[Opening THE DATA section]

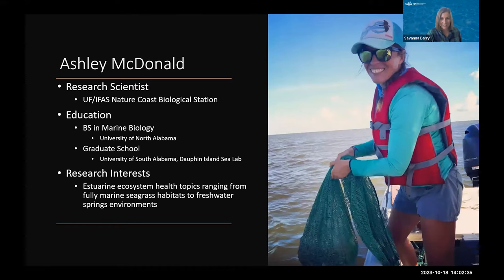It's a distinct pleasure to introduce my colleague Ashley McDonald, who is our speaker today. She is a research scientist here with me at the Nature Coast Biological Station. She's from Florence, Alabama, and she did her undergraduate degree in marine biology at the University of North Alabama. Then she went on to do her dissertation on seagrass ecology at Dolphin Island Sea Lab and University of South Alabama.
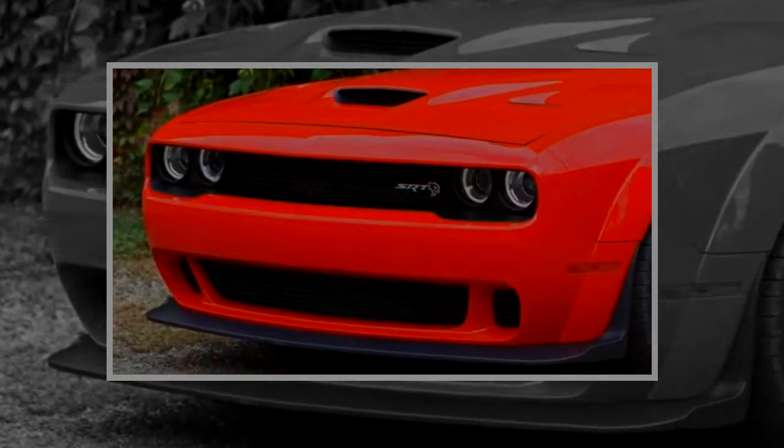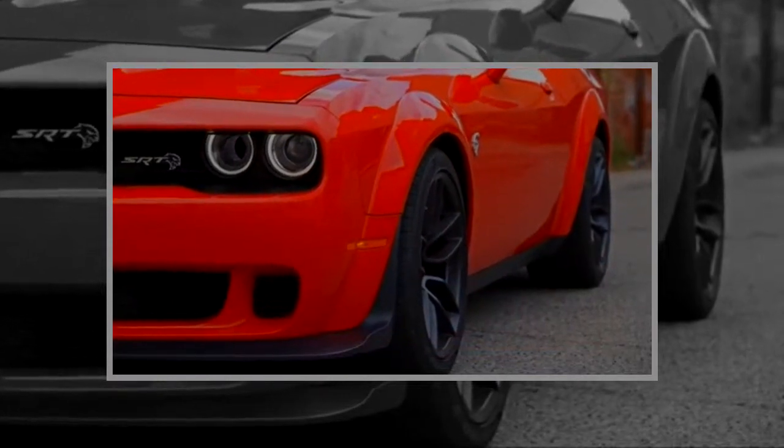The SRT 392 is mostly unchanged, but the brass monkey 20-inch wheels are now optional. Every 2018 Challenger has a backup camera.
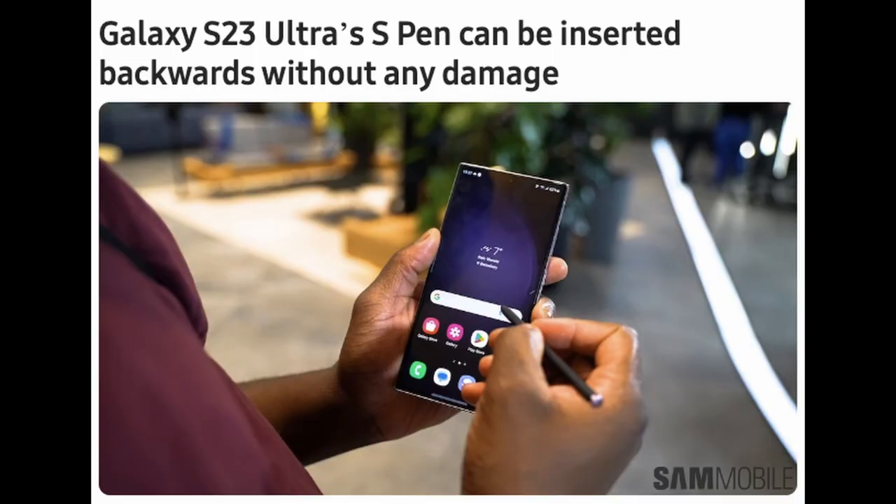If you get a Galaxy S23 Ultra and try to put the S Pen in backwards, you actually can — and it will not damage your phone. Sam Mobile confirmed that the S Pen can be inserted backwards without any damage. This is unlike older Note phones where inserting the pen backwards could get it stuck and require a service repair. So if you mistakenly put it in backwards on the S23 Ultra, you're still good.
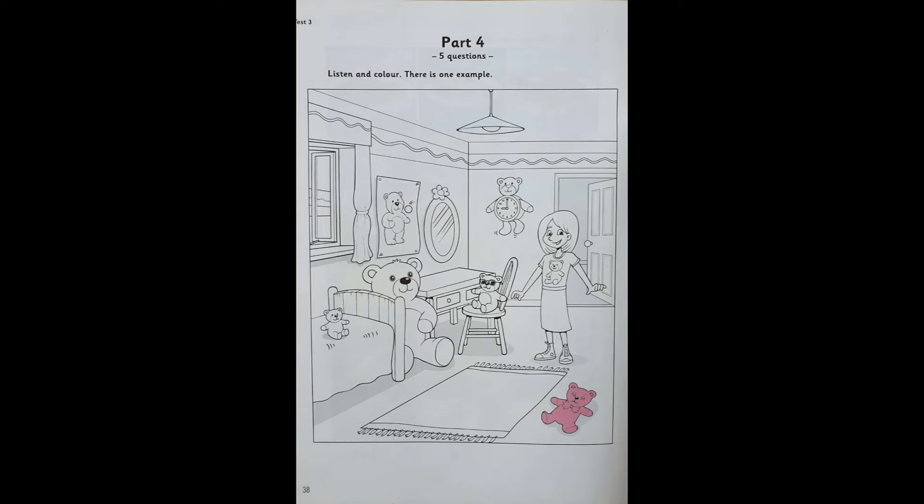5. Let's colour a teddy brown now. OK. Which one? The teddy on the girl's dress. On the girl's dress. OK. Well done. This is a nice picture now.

[Closing THE DATA section]

- [AIM OF THE EXERCISE] Every line above goes into the copy unchanged; the pictures do not.

- [SOLUTION BELOW]
It's a distinct pleasure to introduce my colleague Ashley McDonald, who is our speaker today. She is a research scientist here with me at the Nature Coast Biological Station. She's from Florence, Alabama, and she did her undergraduate degree in marine biology at the University of North Alabama. Then she went on to do her dissertation on seagrass ecology at Dolphin Island Sea Lab and University of South Alabama.
The SRT 392 is mostly unchanged, but the brass monkey 20-inch wheels are now optional. Every 2018 Challenger has a backup camera.
If you get a Galaxy S23 Ultra and try to put the S Pen in backwards, you actually can — and it will not damage your phone. Sam Mobile confirmed that the S Pen can be inserted backwards without any damage. This is unlike older Note phones where inserting the pen backwards could get it stuck and require a service repair. So if you mistakenly put it in backwards on the S23 Ultra, you're still good.
5. Let's colour a teddy brown now. OK. Which one? The teddy on the girl's dress. On the girl's dress. OK. Well done. This is a nice picture now.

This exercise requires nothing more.